試合後の車の中、帰り道。子どもにどんな言葉をかければいいか、迷う瞬間があります。
一般的に「言ってはいけない言葉」がいくつか挙げられますが、25年以上の指導と子育ての経験から感じているのは、言葉そのものより大切なことがあるということです。
一般的に避けたいと言われる言葉
まず、よく言われるNGワードを整理します。
「なんであんなミスしたの?」
問い詰める言葉は、子どもを萎縮させます。すでに本人が一番悔しい思いをしています。
「もっと頑張らないと」
漠然とした激励は、具体性がなく、プレッシャーだけを残すことがあります。
「○○くんはできてたのに」
他の子との比較は、自信を失わせる代表的な言葉です。
「だから言ったでしょ」
事前に伝えていたことができなかった時に出やすい言葉ですが、追い打ちにしかなりません。
沈黙のまま不機嫌な態度を見せる
言葉を発しなくても、表情や態度で不満が伝わることがあります。これも避けたい行動です。
私が大切にしているのは「言葉」より「スタンス」
ここからは、私自身の考え方です。
試合後、どんな言葉をかけるかより、その時の子どもの状態を見極めることの方がはるかに大切だと思っています。
本人に振り返りをする気持ちや余裕があると感じた時は、客観的にどうだったか、何が良かったかを話します。一緒に試合を振り返る時間にします。
逆に、負けを消化しきれていなかったり、話したくなさそうな様子が見える時は、無理に話しません。あえて何も聞かない、別の話題にする。それも一つの大切な関わり方です。
つまり、「言ってはいけない言葉のリスト」を覚えるより、目の前の子どもの状態を見て、話すか話さないかを判断するスタンスの方が重要だと思っています。
大事なのは勝ち負けではなく成長ポイント
もう一つ、意識していることがあります。
試合後の会話で軸にするのは、勝ち負けではなく成長ポイントです。
勝った負けたという結果より、「今日はどこが成長したか」「次に向けて何が見えたか」に焦点を当てる。この軸さえぶれなければ、子どもは前向きに試合を捉えられるようになっていきます。
逆に勝ち負けばかりに焦点を当てた会話を続けると、結果が出ない日に自信を失いやすくなります。
息子の変化
この関わり方を続けてきて、最近変化を感じています。
息子は高学年になった今、自分からフィードバックをもらいに来るようになりました。
「今日のプレー、どうだった?」と自分から聞いてくる。これは、振り返りの会話が「責められる時間」ではなく「成長を確認する時間」だと、本人の中で位置づけられているからだと思っています。

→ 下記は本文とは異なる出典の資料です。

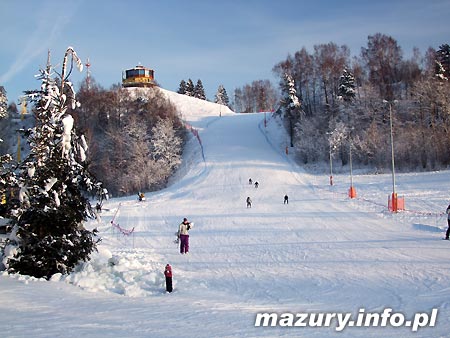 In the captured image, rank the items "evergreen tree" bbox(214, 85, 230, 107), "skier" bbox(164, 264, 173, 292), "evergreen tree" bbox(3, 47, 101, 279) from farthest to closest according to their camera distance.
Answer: "evergreen tree" bbox(214, 85, 230, 107)
"evergreen tree" bbox(3, 47, 101, 279)
"skier" bbox(164, 264, 173, 292)

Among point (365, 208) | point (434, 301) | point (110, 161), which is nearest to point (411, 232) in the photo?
point (365, 208)

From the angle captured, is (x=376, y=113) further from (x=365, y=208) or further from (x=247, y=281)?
(x=247, y=281)

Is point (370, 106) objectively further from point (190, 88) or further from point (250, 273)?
point (190, 88)

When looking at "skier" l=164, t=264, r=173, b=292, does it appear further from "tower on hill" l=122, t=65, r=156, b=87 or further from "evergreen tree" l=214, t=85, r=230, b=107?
"evergreen tree" l=214, t=85, r=230, b=107

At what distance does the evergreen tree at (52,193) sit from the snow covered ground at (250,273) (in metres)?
0.64

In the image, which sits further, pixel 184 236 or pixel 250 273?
pixel 184 236

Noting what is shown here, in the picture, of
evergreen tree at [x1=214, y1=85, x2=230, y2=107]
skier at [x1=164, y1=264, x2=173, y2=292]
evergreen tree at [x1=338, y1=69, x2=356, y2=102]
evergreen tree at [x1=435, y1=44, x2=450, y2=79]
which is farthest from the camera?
evergreen tree at [x1=214, y1=85, x2=230, y2=107]

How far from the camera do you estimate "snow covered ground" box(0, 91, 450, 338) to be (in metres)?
6.79

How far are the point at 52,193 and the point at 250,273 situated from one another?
6.67m

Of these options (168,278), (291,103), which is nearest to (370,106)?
(291,103)

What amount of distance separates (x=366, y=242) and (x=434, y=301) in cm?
813

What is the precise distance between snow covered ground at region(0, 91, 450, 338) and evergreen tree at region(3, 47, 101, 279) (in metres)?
0.64

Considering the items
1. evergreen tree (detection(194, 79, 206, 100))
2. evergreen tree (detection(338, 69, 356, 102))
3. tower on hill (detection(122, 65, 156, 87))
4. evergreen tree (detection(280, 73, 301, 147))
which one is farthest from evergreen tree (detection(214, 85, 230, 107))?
evergreen tree (detection(338, 69, 356, 102))

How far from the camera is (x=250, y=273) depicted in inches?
494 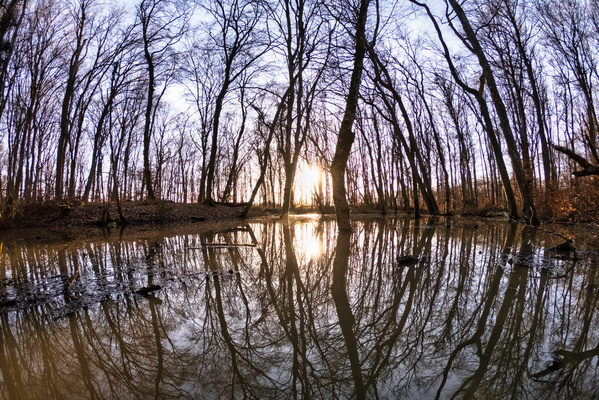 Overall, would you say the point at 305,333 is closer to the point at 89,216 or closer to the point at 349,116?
the point at 349,116

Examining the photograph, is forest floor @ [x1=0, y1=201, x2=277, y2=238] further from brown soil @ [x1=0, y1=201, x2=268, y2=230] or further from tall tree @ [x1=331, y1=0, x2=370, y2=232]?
tall tree @ [x1=331, y1=0, x2=370, y2=232]

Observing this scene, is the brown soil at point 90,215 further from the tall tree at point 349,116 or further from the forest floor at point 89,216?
the tall tree at point 349,116

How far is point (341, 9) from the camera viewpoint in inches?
379

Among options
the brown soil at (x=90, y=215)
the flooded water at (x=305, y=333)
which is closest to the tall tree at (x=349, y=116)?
the flooded water at (x=305, y=333)

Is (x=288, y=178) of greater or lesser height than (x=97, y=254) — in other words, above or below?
above

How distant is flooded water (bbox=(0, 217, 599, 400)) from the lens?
5.87 ft

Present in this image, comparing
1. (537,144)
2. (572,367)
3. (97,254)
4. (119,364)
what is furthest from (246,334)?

もし試合後にいつも結果を責められていたら、自分から聞きに来ることはなかったはずです。
親が見極めるべきポイント
試合後、子どもの様子を見て、こんな点を確認してみてください。
表情と口数
普段より口数が少ない、表情が硬い場合は、まだ消化できていないサインです。
自分から話し始めるかどうか
子どもの方から試合の話を始めたら、振り返る準備ができている証拠です。
質問に対する反応
「今日どうだった?」と聞いて、はっきり答えが返ってくるか、曖昧な返事をするか。後者の場合は、まだ話す段階ではないかもしれません。
まとめ
試合後に言ってはいけない言葉として、問い詰める言葉、比較する言葉、漠然とした激励などがよく挙げられます。それらを避けることは大切です。
ただ、私が一番大切にしているのは、言葉のリストより、その時の子どもの状態を見極めるスタンスです。話せる余裕があるかどうかを見て、話すか話さないかを判断する。そして話す時は、勝ち負けではなく成長ポイントを軸にする。
その積み重ねの結果、息子は高学年になった今、自分からフィードバックを求めてくるようになりました。試合後の時間が、責められる時間ではなく、成長を確認する時間になっているからだと思っています。